What’s the big deal about DOIs?
DOIs “allow things to be uniquely identified and accessed reliably. You know what you have, where it is, and others can track it too”, according to the DOI Foundation. In addition to providing a persistent and permanent way of finding digitally published works, DOIs provide transparency and traceability along the lifespan of the work. It also makes citing – and keeping track of citations – much easier.
We do everything we can to make sure the things that our community cares about are identifiable and reliably accessible. Now, when they need it, and over time when future generations will need it.– DOI Foundation
How to find DOIs
When you’re asked to supply DOI numbers for your reference list, it doesn’t need to instill dread. With a few tips and tricks, you’ll have it done in no time.
DOIs are almost always available for articles. Crossref provides a quick DOI search funtion. While this allows searching multiple references at once (i.e., an entire reference list), it does require one reference per line; thus, it may be more efficient to search one reference at a time as you edit your reference list.
Beware! Sage journals often replace the slash in the DOI with “%2F” when you copy and paste – even when choosing to “copy link” – be on the lookout! To be safe, you could do a quick “find and replace” in your reference list.
Google Scholar can also be an efficient way to find DOIs: Copy and paste the article title and everything after it (journal, vol., iss., & pages) into the search bar. Most often, the first entry is what you want to click on, and the DOI will likely be apparent at the top of the page. (Rarely, you may have to scroll to the bottom of the page, particularly for online-only articles.)
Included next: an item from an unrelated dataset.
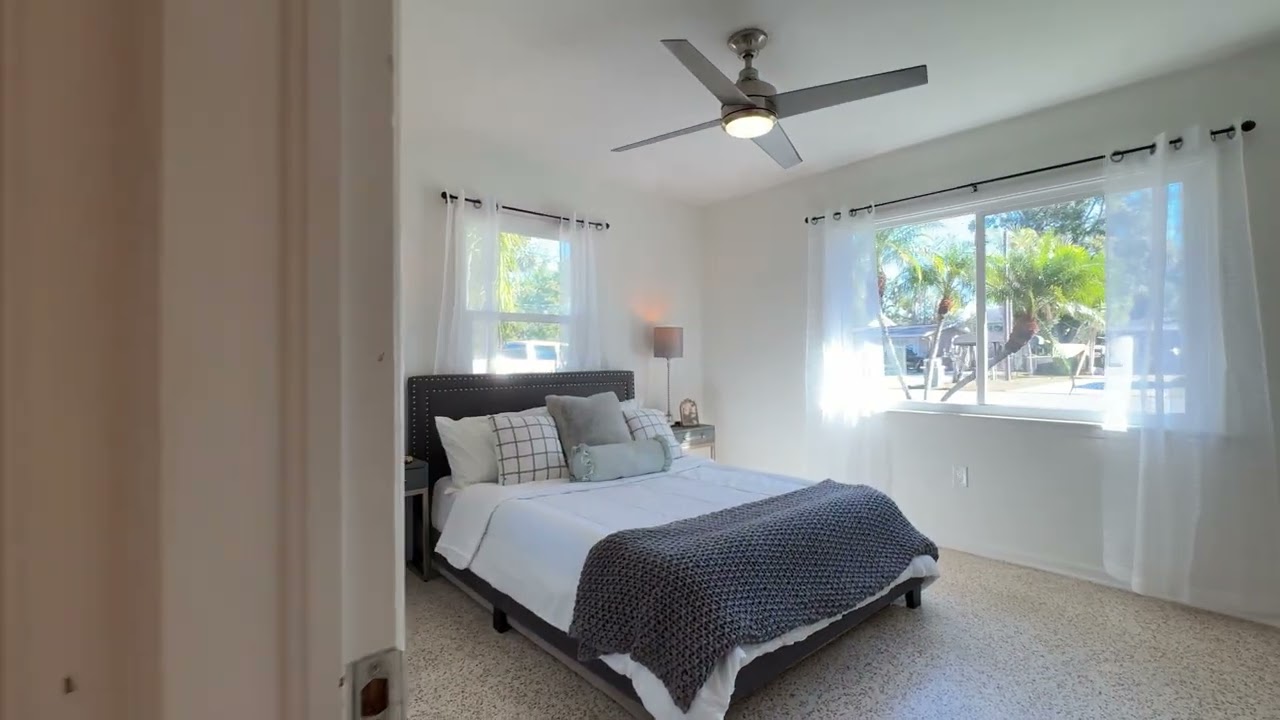 Central Sarasota Home with Bonus Room & Florida Room | 209 Briggs Cour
Don’t trust the “cite this” function! It is most often not updated to the latest version of any given style, and it usually contains errors or missing information (e.g., no subtitle, issue no., page range, or DOI).
Some Journals, especially those hosted by JSTOR, have “persistant URLs” instead of DOIs. These will show up in a Google Scholar search, but not the Crossref search.
Routledge and Taylor & Francis (same platform) almost always have DOIs. They also host a few smaller publishers. Directly search for books published by Routledge or Taylor & Francis using the search bar on their website.
Springer and Palgrave Macmillan (same platform) often have DOIs. Directly search for books published by Springer or Palgrave with the search bar on their website. (Note: You will probably need to scroll all the way to the bottom of the page to find the DOIs for these books.)
Avoid the mistake of providing the DOI of a book review instead of the book itself! Sometime in our haste, these slip through.
For other publishers, a good strategy is to copy the book title and publisher and do a regular Google search(not a Google Scholar search). Look for the publisher’s website in the search results (not, e.g., Amazon, Goodreads, or even Google Books). If the publisher’s website is not immediately apparent, it probably doesn’t have a DOI.
Sources without DOIs
Sometimes only a URL is available, and these can also be useful to include.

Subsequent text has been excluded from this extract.